Reading single and multicard Roper ASCII polling datasets

Sam Petulla

2020-04-14

Introduction

This package simplifies the task of reading single and multicard datasets into R. By default, it loads the fixed-width ASCII files into R as dataframes.

The package assumes you have the following, from the polling codebook:

Example of a file read

A typical single card datafile can be parsed like this:

df <- read_rpr(col_positions=c(1,2,4),
               widths=c(1,2,1),
               col_names=c('V1','V2','V3'),
               filepath='data.txt')

read_rpr takes at least four arguments: col_positions, widths, col_names, and filepath.

Arguments to read_rpr for all datasets

col_positions

col_positions is a vector of integers where each unit should correspond to the location of the question you want to retrieve. So if you wish to retrieve a question at positions 10 and 18, your vector is: c(10,18).

widths

widths is a vector of integers where each unit should correspond to the width of the question you want to retreive. So if you wish to retrieve two questions of widths 1 and 2, your vector is: c(1,2).

col_names

col_names is a vector where each unit should correspond to the names you wish to assign to the columns that will be returned for each question you want to retreive. So if you wish to retrieve two questions and name them Q1 and Q13, then your vector is: c('Q1','Q13').

filepath

filepath needs can be a path to an ascii dataset or a dataset that has been read with read_lines and concatenated like this: cat(readr::read_lines('filepath.txt'))

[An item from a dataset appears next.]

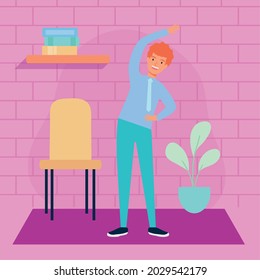 man practicing active breaks in workplace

Read_rpr for multicard datasets

A multicard dataset with two cards might be read like this:

df <- read_rpr(col_positions=c(1,2,4), 
               widths=c(1,2,1), 
               col_names=c('V1','V2','V3'), 
               filepath='data.txt', 
               card_read=1, 
               cards=2)

This would read the questions in the first card of the dataset at positions 1, 2 and 4.

card_read

card_read should be the card that you wish to read.

cards

cards should be equal to the total number of cards in the dataset.